Segundo o Aurélio, gratidão é o reconhecimento pelo bem recebido, é ser grato pelos benefícios que outros fizeram por si. Penso que gratidão se encaixa em todos parâmetros da vida de uma pessoa, seja no trabalho, na sua vida particular, com amigos e entre os homens públicos, também, porque não? O ser grato, antes de tudo, demonstra humildade.

Reconhecer enaltece, enobrece, torna a pessoa mais humana e a faz ver o quanto não é infalível. A gratidão faz também com que muitos desçam do pedestal em que se colocam, por se acharem autossuficientes e donos de si e das situações, que aparecem. Quanta arrogância! O mundo, como está, não precisa de pessoas que colocam esse sentimento no rol daqueles que demonstram fraqueza, dependência, ou quem sabe, a subserviência. Ledo engano. A gratidão está acima de todos esses sentimentos pouco recomendáveis. Do engano e do erro, o mundo está cheio.

Quanto um filho é grato aos pais pela vida? Quantos têm gratidão ao benfeitor que aparece sempre nas horas mais difíceis? Eu mesmo não sou daqueles que engrosso o coro dos que acham que depois de ter recebido o benefício, não interessa quem foi o benfeitor, que isso é apenas um detalhe. Penso que o mundo seria muito melhor se as pessoas abrissem o coração e falassem o que realmente estão sentindo.

Às vezes fico pensando o que move pessoas que acham que precisam passar por cima de tudo e de todos para chegarem aos seus intentos. Penso: Como fica a consciência de uma pessoa que um dia fala e escreve uma coisa e noutro apaga tudo, como se fosse algo inoportuno que foi dito e escrito num momento de fraqueza.

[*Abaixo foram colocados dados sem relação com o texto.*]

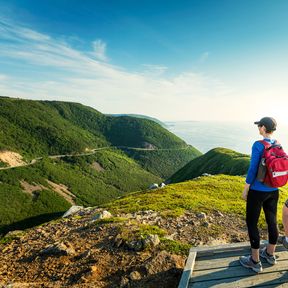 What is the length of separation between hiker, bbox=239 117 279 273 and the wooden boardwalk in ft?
0.78

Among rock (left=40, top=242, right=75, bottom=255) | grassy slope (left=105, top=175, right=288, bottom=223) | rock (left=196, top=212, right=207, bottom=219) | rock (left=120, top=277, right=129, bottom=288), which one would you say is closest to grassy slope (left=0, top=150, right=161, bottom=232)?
grassy slope (left=105, top=175, right=288, bottom=223)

Essas pessoas que assim procedem são exatamente aquelas que agem sem sentimento, às vezes vão até contra a racionalidade.

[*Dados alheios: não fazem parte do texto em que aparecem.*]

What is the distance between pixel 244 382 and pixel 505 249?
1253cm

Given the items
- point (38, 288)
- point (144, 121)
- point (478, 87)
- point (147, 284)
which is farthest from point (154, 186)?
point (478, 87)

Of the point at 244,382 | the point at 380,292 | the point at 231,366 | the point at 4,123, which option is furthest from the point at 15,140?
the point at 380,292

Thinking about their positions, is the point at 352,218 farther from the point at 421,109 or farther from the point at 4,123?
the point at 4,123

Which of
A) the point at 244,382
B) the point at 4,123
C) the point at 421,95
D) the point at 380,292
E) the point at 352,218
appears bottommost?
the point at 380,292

Para elas só interessa o fim, não importando os meios. São pessoas que vivem sem poder deitar a cabeça no travesseiro tranquilamente, são pessoas que não conseguem olhar os filhos, sem ter vergonha do que fizeram ou fazem. Vendem a alma ao diabo para chegarem aos seus intentos. São seres tristes e que destilam somente a ânsia do poder, do ter, mesmo que seja através do ódio.

A gratidão, está no mais alto patamar da existência, está acima de todas essas mesquinharias, desses jogos de poder, das trapaças, da traição e de todas essas falsidades, movidas pela pequenez dos que acabam a vida, sem amigos, sem parceiros, só tendo como companheiro o egoísmo que o acompanhou durante toda a vida.

Encerro o presente com uma frase de Esopo: “A gratidão é a virtude das almas nobres”.